Thursday, November 25, 2010

Optimizing Performance On The Xbox 360 - Part 2

In part 1 I described the reasons why Xbox 360 is slower than an equivalent PC and  some of the basic recommendations for optimizing C# code to make it run faster. In this post I will mention a few other tricks to increase performance on the Xbox 360.

Structures… again.

In the .NET world, objects are allocated on the heap and structures are allocated on the stack. Remember, only the heap is garbage collected, this means that structures are not subject to the expensive garbage collection operation. Allocation on the stack is basically free as we only need to increase a stack pointer and call a constructor. This means you can reduce garbage collection and increase speed by using structures instead of objects – however, you need to know the difference between the two.
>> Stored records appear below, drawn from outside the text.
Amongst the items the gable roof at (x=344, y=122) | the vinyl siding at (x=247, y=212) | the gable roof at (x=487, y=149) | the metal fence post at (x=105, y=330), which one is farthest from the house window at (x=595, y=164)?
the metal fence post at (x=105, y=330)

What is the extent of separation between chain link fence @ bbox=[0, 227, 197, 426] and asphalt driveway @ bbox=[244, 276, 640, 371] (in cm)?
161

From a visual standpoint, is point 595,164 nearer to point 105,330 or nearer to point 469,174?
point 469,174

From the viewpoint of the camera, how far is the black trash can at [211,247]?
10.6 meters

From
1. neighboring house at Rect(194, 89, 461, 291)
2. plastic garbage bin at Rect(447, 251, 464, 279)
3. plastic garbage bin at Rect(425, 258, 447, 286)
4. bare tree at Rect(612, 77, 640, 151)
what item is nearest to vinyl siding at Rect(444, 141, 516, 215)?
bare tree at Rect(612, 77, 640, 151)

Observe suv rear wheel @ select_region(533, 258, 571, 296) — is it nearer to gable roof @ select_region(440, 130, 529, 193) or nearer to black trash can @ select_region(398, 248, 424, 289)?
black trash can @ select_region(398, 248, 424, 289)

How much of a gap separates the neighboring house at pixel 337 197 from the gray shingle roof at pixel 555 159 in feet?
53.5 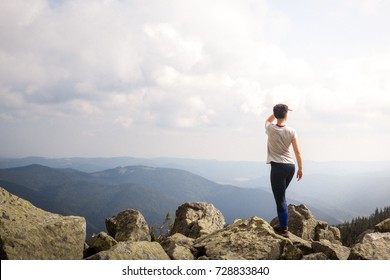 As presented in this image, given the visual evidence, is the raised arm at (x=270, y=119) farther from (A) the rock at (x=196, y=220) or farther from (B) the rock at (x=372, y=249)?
(A) the rock at (x=196, y=220)

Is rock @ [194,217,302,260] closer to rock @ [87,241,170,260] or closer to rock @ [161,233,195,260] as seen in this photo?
rock @ [161,233,195,260]

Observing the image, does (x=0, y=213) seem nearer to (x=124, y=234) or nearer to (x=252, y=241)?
(x=124, y=234)

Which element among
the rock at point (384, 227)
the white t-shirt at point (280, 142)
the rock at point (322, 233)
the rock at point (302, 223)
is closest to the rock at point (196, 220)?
the rock at point (302, 223)

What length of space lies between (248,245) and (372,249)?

You should also follow the general recommendations for using structures:

  • Small data objects (data containers)
  • Often destroyed or created
  • Read-only (or mostly-read) objects

Reuse those objects

As mentioned before, objects are allocated on the heap that is garbage collected. That is why you should avoid creating a lot of objects on each update. Instead, you should reuse the objects using pools as explained in part 1. Another and simpler way is to move the object to outer scope and/or make it static. One object that you should pay close attention to is the SpriteBatch (if you are using XNA). Do not create the SpriteBatch object on each update, but keep a reference to it through out the game.
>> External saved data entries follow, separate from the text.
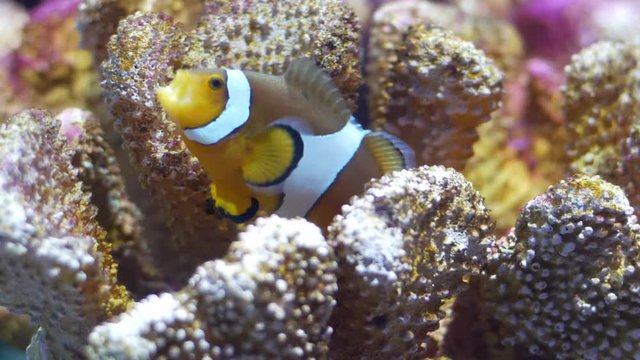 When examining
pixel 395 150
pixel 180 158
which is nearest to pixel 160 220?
pixel 180 158

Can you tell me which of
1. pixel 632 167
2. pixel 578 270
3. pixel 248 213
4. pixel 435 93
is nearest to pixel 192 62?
pixel 248 213

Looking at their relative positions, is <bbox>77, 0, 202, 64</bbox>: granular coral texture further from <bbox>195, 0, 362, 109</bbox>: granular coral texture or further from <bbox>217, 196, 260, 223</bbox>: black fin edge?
<bbox>217, 196, 260, 223</bbox>: black fin edge

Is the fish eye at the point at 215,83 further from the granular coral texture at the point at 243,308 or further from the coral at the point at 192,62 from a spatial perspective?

You should also pay attention to List<T>, arrays and other commonly used list types. When you create a new List<T> and add a single item to it, it will initialize an array with a size of 4. If you add more than 4 elements, it will create a new array with double the size. The results is that 2 arrays have been garbage collected. To keep that from happening, you should initialize List<T> with a capacity that is equal to what you need. To keep the List<T> form being garbage collected, you should move the list to outer scope and clear it before use instead of initializing a new instance.

Boxing

Boxing is the process of encapsulating a value type in a reference type container. This is great as it allows us to pass value types as objects to methods or store them in collections as objects. However, this is not great for performance and we have to eliminate boxing and unboxing where we can. You can use tools like Reflector or Ildasm to disassemble your application to MSIL code. Inside the MSIL code you simply look for the box and unbox keywords. You can find more info along with pictures in my post Performance Tips and Tricks Part 4.

Further reading

I recommend you read two GDC 2008 PowerPoint presentations. CLR Performance by Frank Savage and Understanding XNA Framework Performance by Shawn Hargreaves.

Sunday, November 21, 2010

Optimizing Performance On The Xbox 360 - Part 1

After my Performance Tips and Tricks series I got a lot of requests to write a post regarding the performance on the Xbox 360 platform. I will try to focus on why Xbox 360 is slower than PC and what we can do to get around it. But first we need to underline the importance of good programming.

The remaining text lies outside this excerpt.